Die Skirennfahrerin Lindsey Vonn feiert nach langer Verletzung ihr Comeback - glamourös und voller Show-Elemente. Doch ein PR-Gag ist das nicht, im Gegenteil.

Von Gerald Kleffmann, Hall in Tirol

Auf dem Hof vor dem Lager füllt sich der Parkplatz, die Autokennzeichen machen klar: Die Gäste kommen von weit her. Diesmal allerdings nicht, um in Hall in Tirol zu ergründen, wie seinerzeit aus den Salinen Salz gefördert wurde. Die Säulenhalle, in der das kostbare Naturgut aufbewahrt wurde, erfährt samt den 15 prächtigen, neun Meter hohen Rundpfeilern aus Breccie stets viel Beachtung, doch an diesem Montag überstrahlt eine Amerikanerin aus Minnesota die Sehenswürdigkeit, die immerhin einen spektakulären Rahmen bietet. Die Skirennläuferin Lindsey Vonn, 29, aus Saint Paul, hält Hof. Das ist so, als würde im Fußball Cristiano Ronaldo zur Audienz bitten. Oder LeBron James im Basketball. Ein Riesending. Entsprechend ist die Veranstaltung im griffig genannten "Comeback Camp" aufgezogen.

Um 16.20 Uhr öffnen die Pforten wie im Colosseum einst, 100 Personen schreiten andächtig ein, Musik dröhnt, ein Film folgt gleich, der alles noch einmal zeigt.
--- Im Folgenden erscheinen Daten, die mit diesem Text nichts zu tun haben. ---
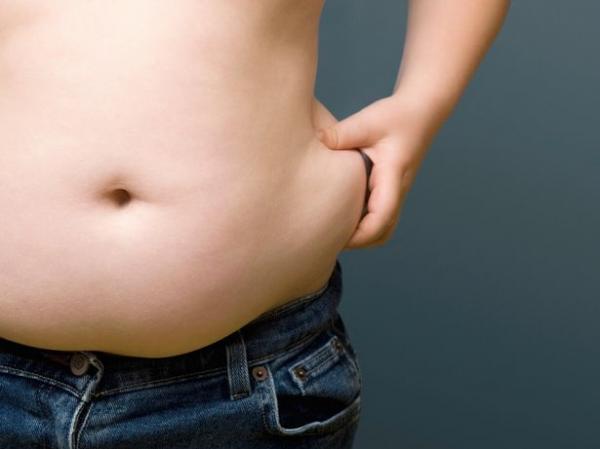 0 overweight boy aged 6 8 pinching fat around his waist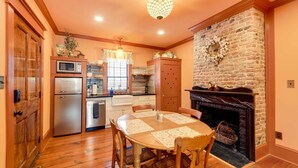 A cozy kitchen with a fireplace, wooden cabinets, and a dining table with chairs. - Victorian Vacation Rental Apt in Downtown New Bern (New Bern)
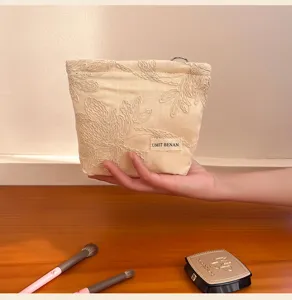 Detailed view of a beige cosmetic bag with exquisite floral embroidery and fabric brand label.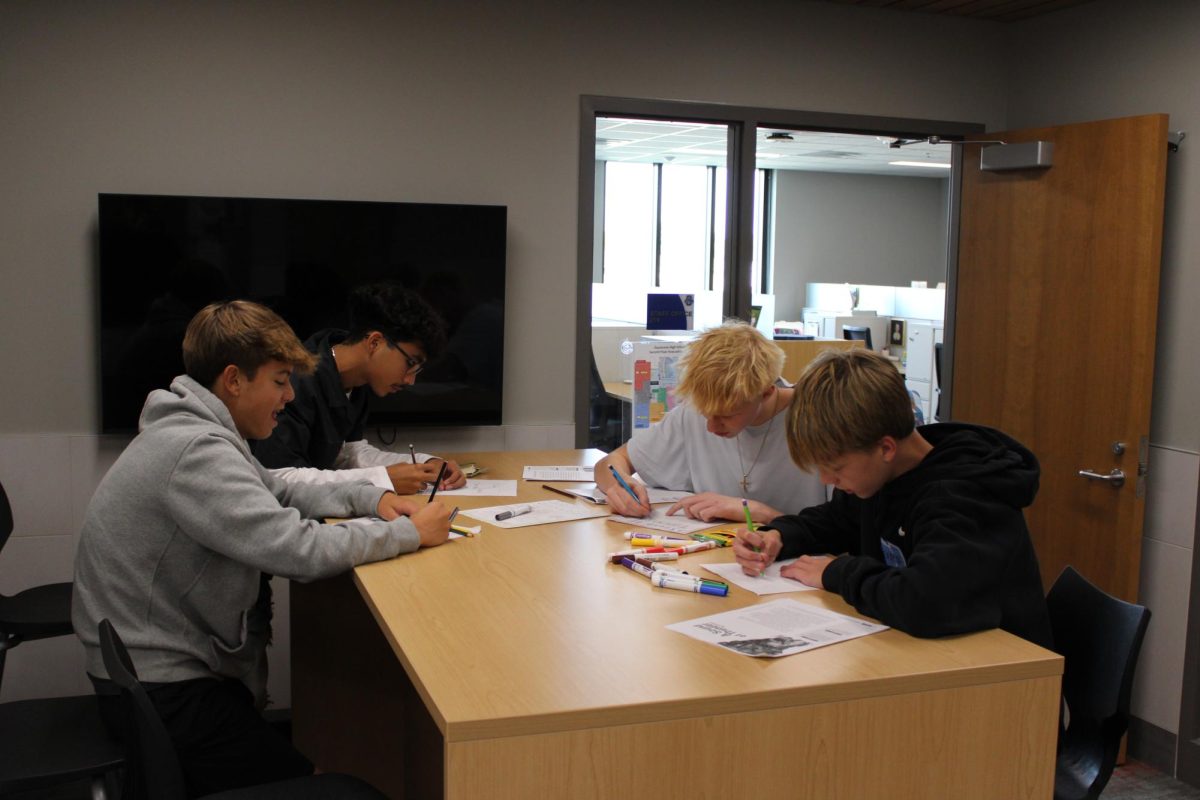 Freshmen Jack Mitchell working on English with his friends.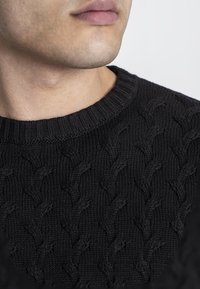 Suéter negro de punto con un patrón de trenzas y un cuello redondo acanalado, que presenta un acabado texturizado. Primer plano de la parte superior de la prenda.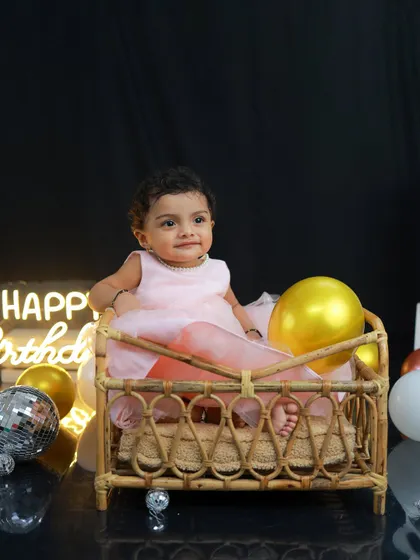A quiet moment of reflection for the birthday girl, sitting in a rustic wicker cot. The 'Happy Birthday' neon sign and golden balloons add a touch of modern elegance to her first birthday photoshoot.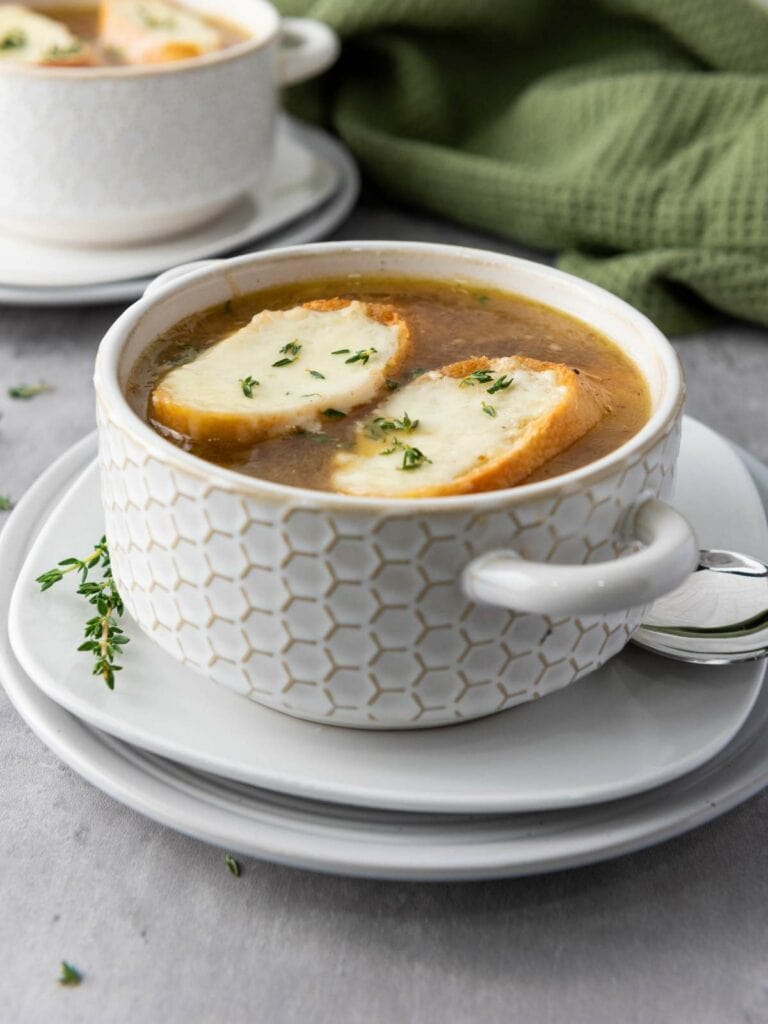 Bowl of French onion soup topped with toasted bread and melted cheese garnished with herbs.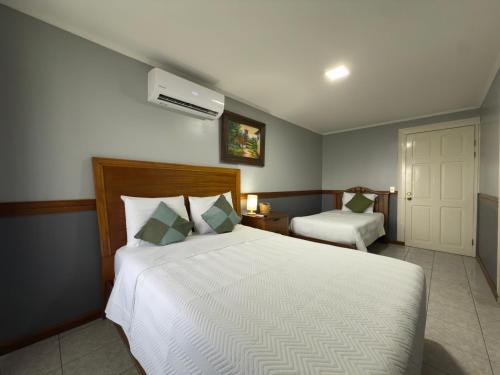 a bedroom with a large white bed and a window at Stada San Jose Airport Hotel in Alajuela City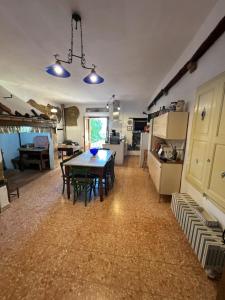 a kitchen with a table in the middle of a room at La Nobiltà del Tempo in Murlo +18 photos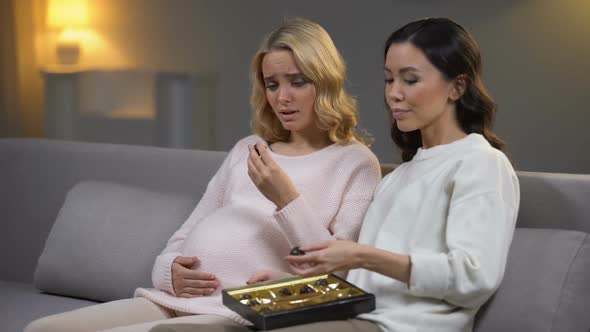 Woman Sitting With Upset Pregnant Friend, Eating Chocolate Candies, Hormones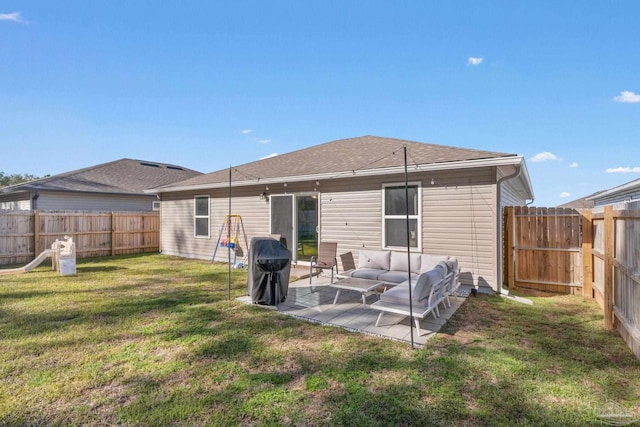 back of house with roof with shingles, a fenced backyard, a patio, and a lawn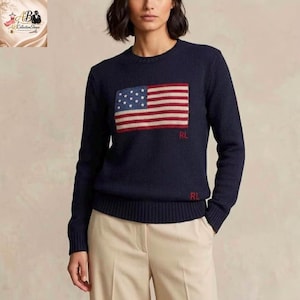 Può includere: Un maglione a maniche lunghe blu navy con girocollo caratterizzato da una grande bandiera americana lavorata a maglia sul petto. Il maglione presenta le lettere RL ricamate in rosso sotto la bandiera e vicino all'orlo inferiore, con pantaloni beige.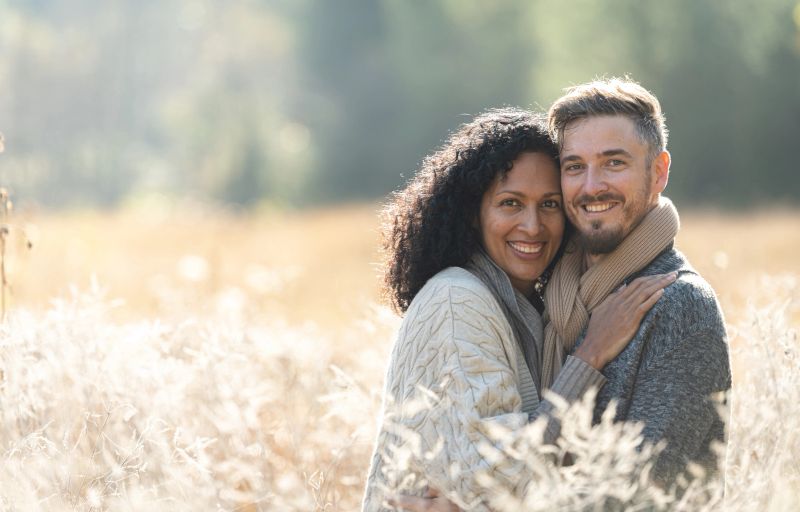 A Latino girl and a white man in love are hanging out, in the tall grass, in solitude in pristine nature. They are dancing in the grass.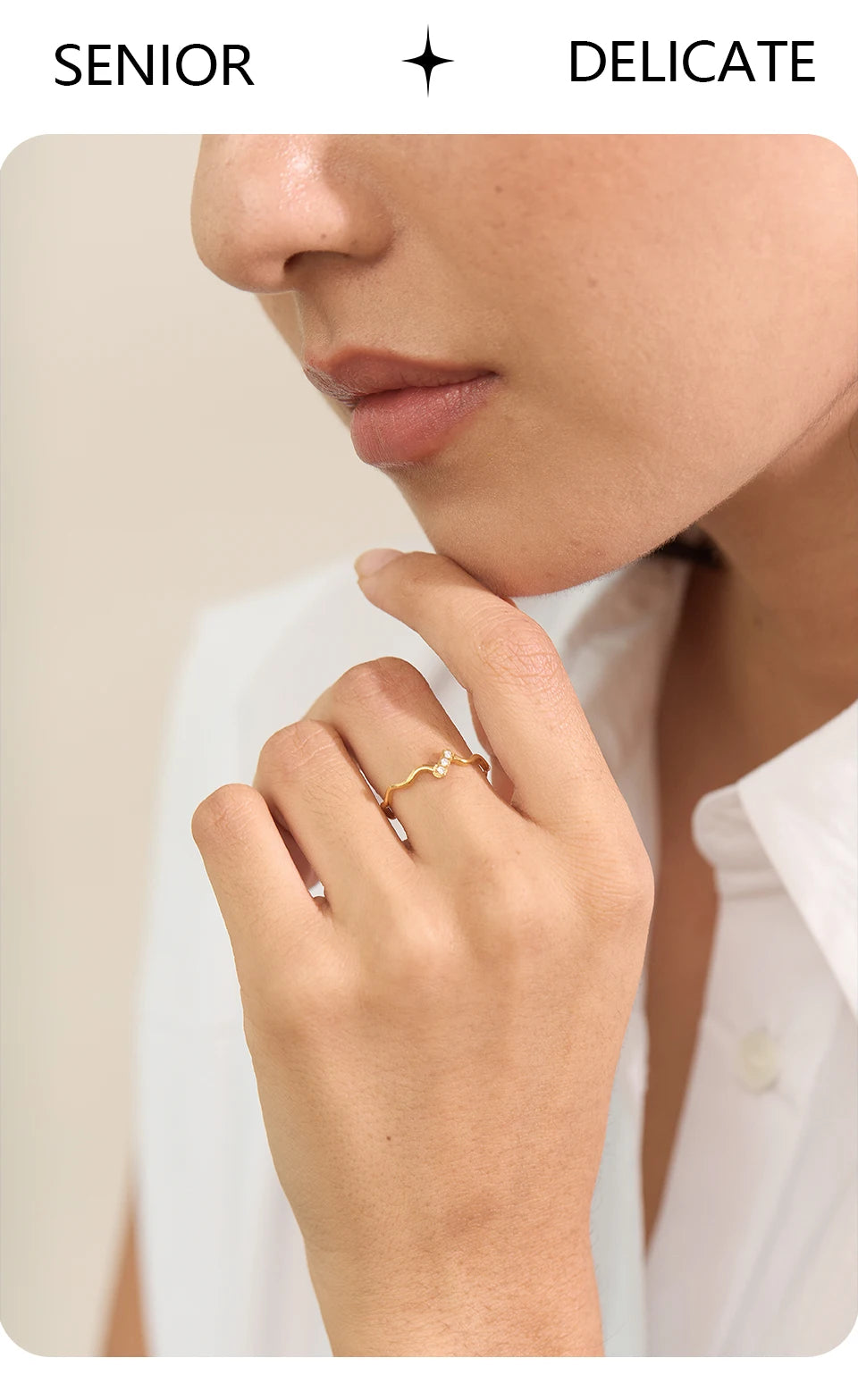 Cubic zirconia minimalist geometric ring in gold-plated stainless steel with cubic zirconia.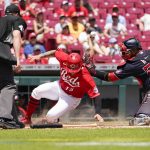 
              CORRECTS TO SUNDAY, JUNE 5, 2022, NOT SATURDAY, JUNE 4, 2022 Cincinnati Reds' Nick Senzel (15) slides safely into home plate against Washington Nationals catcher Keibert Ruiz (20) after a single hit by Tommy Pham during the first inning of a baseball game Sunday, June 5, 2022, in Cincinnati. (AP Photo/Jeff Dean)
            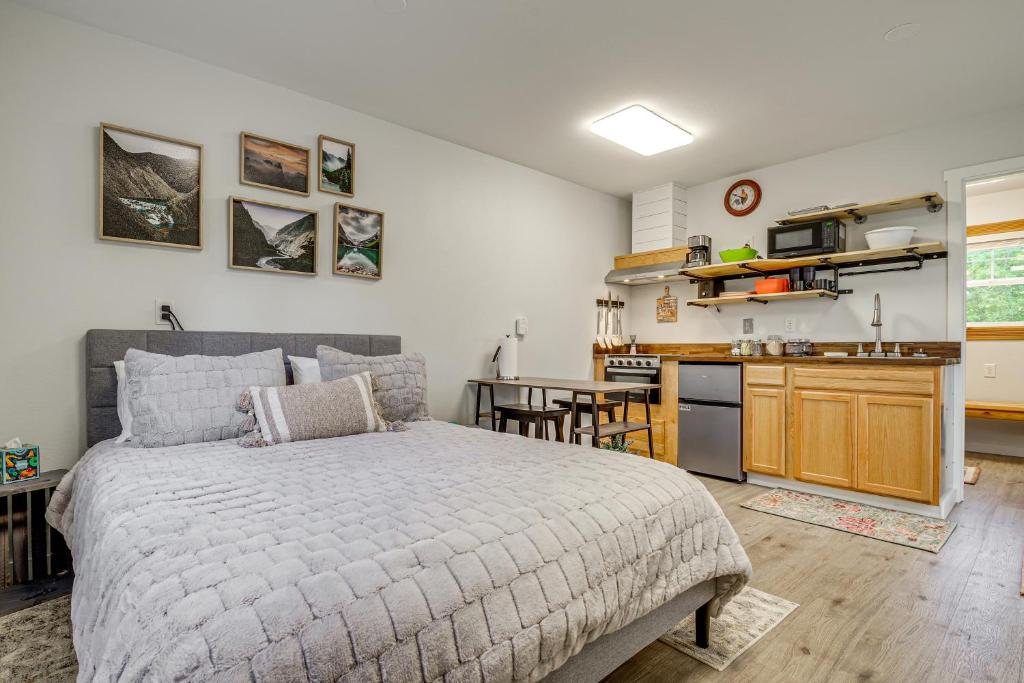 a bedroom with a large bed and a kitchen at Pet-Friendly Quaint Cottage: Park-Like Setting in Monroe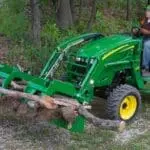 Debris Grapple on John Deere compact utility tractor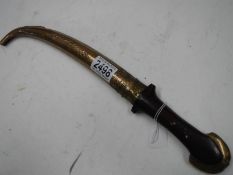 A 19/20th century Turkish? dagger with brass scabbard.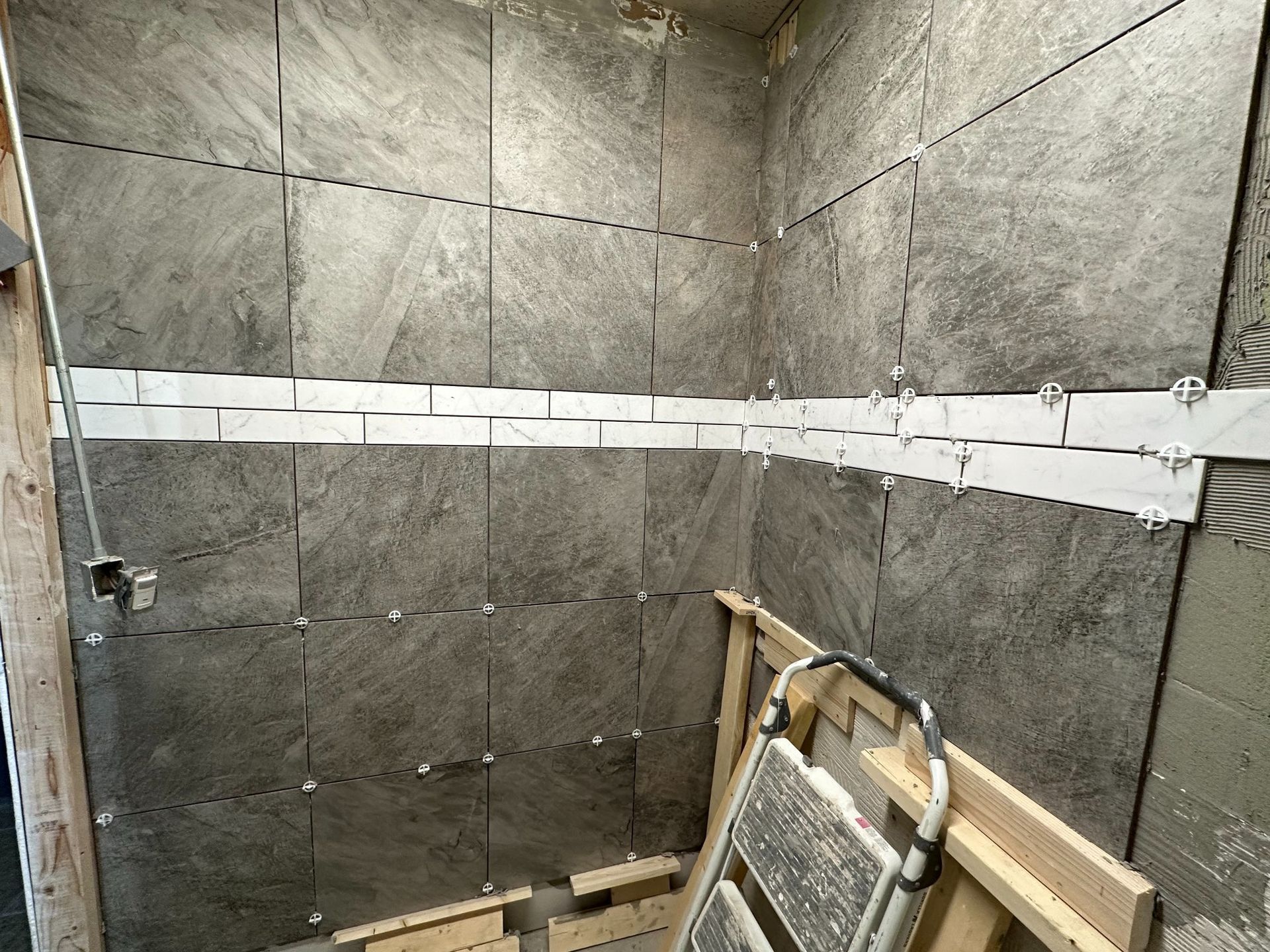Gray tiles being installed on bathroom walls with spacers. Ladder and wood supports present.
Wie Vonn schwer stürzte, im Februar 2013, bei der WM in Schladming, Diagnose: Kreuzbandriss, Innenbandriss im rechten Knie. Die Reha-Phase verlief gut, doch im November erlitt sie erst einen Teilabriss, dann im Dezember ganz den Riss im operierten Kreuzband. Jetzt steht sie hier, strahlt, die Haare perfekt getrimmt, eine Athletin in der Blüte, so scheint es zu sein. Seit Mittwoch erst trainiert Vonn wieder, auf dem Rettenbachgletscher in Sölden wagte sie den ersten Schwung, erfreut berichtet sie nun: "Es war wunderschön. Ich brauche Skifahren wie die Luft zum Atmen."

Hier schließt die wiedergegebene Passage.